To review with the students how a pan balance operates, display one and call on a volunteer to "be" a pan balance. Ask the child to hold out his or her arms, then place a container in each hand. Tell the child to imagine that the container on the left side is very heavy, and to act out what the balance will look like. (You might also place a heavy object in the hand that represents that left side of the balance.) Then ask him or her to imagine the left side is much lighter than the right side and act that out. Tell students they will “act out” the behavior of a pan balance. Then ask the whole class to stand, stretch their arms out and show how a pan balance works. [You may wish to suggest which side of the pan balance is heavier, lighter.]

 

 

Now ask a volunteer to place nine weights in the left pan of the balance and then put four weights on the other side. Ask: "How many more weights are on the left side than on the right side? What will we need to add to the left side so the pan balance is level?" Accept and model all the students' responses. When the response "five" is given, record this on the board using an equation [9 = 4 + 5] that models what was done with the weights to make the pan balance level. (Note that although the number sentence is an addition sentence, subtraction is used to find the missing addend.) Continue with other examples until the students are comfortable with the process. (Because this is an example of a missing addend problem, some students may have difficulty completing the equation correctly.) To continue the investigation, call on volunteers to pose problems and model them on the pan balance.

Now give each pair of students some crackers and a copy of the Pan Balance activity sheet.

Pan Balance Sheet Pan Balance Activity Sheet

Tell students they will take turns choosing two numbers and acting out how a balance would look if there were that many crackers on the left and right sides. Ask students to determine how many more crackers would be needed to balance the pan and record that information on the recording sheet. Then ask them to write the number sentence that they modeled. Invite the students to select one of the resulting equations to illustrate by drawing a pan balance that models the equation.

Questions for Students

 

When you modeled comparison subtraction on the balance, what did you do first? Then what? How did you record this?

[Student responses may vary, but they should be able to model the steps followed in the lesson.]

Suppose you put seven fish-shaped crackers on the left side of the balance and three fish-shaped crackers on the right side. To balance the pan, which side should you add crackers to? How many more crackers should you add to balance the pan balance? What equation tells what you did?

[Right side; add 4 more; 7 = 3 + 4]

How would you explain to a younger student how to make the sides balance?

[Student responses may vary, but they should be able to model the same steps used during the lesson.]

Choose one equation that you wrote when you acted like a pan balance. How does this equation show what you did?

[Student responses may vary.]

How could you use the balance to complete this number sentence: 3 + _ = 5? Which numbers are the addends?

[put 3 on one side, 5 on the other, and balance; 3 and 2 are the addends.]

What does it mean if the pan balance is level before you add any fish-shaped crackers?

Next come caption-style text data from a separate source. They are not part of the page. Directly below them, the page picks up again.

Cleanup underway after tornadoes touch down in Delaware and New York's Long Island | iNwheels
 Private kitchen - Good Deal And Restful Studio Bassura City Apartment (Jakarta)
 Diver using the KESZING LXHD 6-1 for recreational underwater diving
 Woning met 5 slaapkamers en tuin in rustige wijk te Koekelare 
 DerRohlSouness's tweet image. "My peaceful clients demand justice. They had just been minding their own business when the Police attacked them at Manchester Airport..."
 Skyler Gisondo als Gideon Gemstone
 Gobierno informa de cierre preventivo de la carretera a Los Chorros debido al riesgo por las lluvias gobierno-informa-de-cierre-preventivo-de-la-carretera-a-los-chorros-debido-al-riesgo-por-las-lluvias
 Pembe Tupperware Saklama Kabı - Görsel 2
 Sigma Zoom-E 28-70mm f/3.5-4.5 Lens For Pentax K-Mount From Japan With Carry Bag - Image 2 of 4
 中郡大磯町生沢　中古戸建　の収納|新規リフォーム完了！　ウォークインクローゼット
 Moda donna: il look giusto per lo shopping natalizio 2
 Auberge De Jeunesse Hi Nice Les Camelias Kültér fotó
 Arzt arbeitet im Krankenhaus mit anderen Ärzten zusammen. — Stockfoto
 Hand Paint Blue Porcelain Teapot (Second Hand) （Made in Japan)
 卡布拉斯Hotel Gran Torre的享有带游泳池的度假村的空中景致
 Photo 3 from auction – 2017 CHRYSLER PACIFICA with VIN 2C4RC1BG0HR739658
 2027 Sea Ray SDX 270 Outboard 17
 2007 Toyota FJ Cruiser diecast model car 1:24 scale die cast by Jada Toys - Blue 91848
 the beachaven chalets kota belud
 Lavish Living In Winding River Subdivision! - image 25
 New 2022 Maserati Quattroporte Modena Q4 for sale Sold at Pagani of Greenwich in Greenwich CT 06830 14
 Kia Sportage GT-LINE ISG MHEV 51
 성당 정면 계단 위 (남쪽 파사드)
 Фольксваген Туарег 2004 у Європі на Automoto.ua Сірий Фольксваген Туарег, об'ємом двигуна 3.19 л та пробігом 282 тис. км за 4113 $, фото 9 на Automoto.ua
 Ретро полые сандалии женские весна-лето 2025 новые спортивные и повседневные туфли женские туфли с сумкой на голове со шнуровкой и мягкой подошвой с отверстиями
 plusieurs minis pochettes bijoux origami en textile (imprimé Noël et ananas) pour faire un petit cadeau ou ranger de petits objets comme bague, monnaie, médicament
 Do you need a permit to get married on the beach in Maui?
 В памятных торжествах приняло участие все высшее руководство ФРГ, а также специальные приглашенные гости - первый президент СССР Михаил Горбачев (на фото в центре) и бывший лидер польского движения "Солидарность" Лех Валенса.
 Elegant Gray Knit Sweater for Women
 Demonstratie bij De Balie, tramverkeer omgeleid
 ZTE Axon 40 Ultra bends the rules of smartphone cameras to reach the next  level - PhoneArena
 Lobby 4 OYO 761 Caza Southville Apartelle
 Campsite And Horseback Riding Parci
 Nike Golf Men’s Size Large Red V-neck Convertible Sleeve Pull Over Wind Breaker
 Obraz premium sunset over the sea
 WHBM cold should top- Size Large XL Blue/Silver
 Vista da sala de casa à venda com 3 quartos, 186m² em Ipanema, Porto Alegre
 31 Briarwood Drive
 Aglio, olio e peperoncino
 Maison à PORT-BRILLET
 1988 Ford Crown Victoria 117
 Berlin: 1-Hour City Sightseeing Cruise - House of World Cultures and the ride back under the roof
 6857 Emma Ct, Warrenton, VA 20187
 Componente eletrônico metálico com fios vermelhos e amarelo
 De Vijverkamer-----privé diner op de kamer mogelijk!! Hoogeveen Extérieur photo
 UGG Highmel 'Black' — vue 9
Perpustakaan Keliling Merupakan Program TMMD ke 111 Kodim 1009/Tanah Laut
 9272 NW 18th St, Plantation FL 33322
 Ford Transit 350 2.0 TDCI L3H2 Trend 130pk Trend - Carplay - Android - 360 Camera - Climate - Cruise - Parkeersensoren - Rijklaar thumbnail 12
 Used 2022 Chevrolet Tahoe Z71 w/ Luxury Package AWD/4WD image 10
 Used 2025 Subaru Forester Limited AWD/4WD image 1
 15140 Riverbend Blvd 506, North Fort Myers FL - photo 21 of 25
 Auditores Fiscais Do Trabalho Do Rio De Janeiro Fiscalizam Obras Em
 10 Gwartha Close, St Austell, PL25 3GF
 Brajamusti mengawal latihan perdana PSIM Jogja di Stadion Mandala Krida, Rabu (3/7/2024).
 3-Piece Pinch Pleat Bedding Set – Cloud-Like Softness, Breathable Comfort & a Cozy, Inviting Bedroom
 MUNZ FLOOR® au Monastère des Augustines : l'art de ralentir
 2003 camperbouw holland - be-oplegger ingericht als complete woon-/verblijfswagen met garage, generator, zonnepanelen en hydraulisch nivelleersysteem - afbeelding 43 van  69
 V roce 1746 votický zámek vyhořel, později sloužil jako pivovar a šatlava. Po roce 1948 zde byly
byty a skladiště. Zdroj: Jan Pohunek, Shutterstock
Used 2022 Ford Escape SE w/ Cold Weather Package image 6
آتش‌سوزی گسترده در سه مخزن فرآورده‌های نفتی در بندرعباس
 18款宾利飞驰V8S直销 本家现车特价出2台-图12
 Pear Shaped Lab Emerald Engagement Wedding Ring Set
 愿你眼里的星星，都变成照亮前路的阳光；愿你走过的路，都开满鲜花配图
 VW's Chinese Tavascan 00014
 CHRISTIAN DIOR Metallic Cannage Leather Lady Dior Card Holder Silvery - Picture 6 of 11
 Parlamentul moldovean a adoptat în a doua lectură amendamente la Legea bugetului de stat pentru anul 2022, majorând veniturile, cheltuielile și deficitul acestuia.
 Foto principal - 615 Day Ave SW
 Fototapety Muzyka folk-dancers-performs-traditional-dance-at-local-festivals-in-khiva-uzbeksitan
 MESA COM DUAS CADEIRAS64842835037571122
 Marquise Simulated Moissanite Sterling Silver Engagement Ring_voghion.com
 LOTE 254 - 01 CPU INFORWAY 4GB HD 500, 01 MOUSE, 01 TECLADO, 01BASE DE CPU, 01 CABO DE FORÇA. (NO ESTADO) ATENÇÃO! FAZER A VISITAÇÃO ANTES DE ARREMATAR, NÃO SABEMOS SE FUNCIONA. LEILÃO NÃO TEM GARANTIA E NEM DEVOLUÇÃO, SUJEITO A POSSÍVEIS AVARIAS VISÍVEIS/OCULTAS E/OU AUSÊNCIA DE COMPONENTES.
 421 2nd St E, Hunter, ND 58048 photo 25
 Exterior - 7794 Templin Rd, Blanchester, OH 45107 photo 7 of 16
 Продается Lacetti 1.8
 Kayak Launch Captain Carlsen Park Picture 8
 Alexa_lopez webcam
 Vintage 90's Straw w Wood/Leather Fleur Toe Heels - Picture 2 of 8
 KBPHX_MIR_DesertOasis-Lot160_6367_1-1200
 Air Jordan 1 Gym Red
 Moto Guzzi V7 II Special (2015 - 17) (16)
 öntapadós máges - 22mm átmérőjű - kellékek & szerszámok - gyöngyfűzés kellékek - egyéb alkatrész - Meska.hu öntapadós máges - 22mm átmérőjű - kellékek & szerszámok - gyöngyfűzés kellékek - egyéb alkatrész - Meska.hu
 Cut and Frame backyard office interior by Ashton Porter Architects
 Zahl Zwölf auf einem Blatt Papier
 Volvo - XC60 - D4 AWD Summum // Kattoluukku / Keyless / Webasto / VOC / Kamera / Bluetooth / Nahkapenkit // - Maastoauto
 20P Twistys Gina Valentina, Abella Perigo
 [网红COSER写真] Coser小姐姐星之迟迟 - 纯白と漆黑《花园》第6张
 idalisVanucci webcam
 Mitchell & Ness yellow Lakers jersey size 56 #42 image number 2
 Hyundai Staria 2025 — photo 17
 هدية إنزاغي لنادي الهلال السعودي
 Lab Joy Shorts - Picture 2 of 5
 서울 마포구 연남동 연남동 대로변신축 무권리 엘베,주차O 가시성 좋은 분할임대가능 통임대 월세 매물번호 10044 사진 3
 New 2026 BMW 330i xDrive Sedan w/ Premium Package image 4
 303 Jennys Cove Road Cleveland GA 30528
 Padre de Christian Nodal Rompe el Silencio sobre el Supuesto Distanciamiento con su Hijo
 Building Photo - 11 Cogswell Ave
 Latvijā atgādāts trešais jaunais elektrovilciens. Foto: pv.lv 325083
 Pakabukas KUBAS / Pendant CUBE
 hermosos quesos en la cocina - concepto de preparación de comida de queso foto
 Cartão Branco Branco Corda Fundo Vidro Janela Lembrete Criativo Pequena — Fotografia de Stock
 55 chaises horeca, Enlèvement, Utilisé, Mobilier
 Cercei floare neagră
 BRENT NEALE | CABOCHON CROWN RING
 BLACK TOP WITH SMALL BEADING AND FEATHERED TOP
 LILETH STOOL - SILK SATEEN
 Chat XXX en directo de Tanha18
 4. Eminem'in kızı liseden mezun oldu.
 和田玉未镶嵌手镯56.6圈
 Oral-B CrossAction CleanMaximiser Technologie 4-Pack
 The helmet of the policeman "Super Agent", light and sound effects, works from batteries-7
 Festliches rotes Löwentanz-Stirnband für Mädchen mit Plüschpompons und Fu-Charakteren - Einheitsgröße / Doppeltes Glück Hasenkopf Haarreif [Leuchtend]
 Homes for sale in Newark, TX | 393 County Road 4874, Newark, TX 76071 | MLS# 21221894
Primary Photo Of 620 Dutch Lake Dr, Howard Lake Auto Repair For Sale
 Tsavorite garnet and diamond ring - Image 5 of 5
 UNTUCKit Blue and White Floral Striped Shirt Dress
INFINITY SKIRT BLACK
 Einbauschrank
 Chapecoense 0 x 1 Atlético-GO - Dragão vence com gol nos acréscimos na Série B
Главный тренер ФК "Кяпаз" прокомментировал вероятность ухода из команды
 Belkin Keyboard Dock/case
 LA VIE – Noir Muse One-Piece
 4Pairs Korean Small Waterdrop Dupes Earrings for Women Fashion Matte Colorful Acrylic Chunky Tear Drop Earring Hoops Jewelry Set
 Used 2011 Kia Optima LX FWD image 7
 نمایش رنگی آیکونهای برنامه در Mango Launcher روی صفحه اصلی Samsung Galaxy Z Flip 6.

[Both sides have the same number of crackers.]

Assessment Options

 
  1. Because a new and especially challenging meaning for subtraction has been added with this lesson, you may wish to make more entries on the Class Notes recording sheet begun earlier in this unit.

Extensions

 
  1. Students may use the Pan Balance - Numbers Tool to model and solve additional subtraction equations, similar to those in this lesson.

Teacher Reflection

 
  • Which students met all the objectives of this lesson? What extension activities are appropriate for these students?
  • Which students did not meet the objectives of this lesson? What instructional experiences do they need next?
  • When the class worked together in a whole class situation, did some students respond before they had thought the question through? Did others fail to respond even though they were sure of the answer? Did I call on all students equally often?
  • Which parts of the lesson helped students achieve their learning goals? Which parts will I change the next time that I teach this lesson?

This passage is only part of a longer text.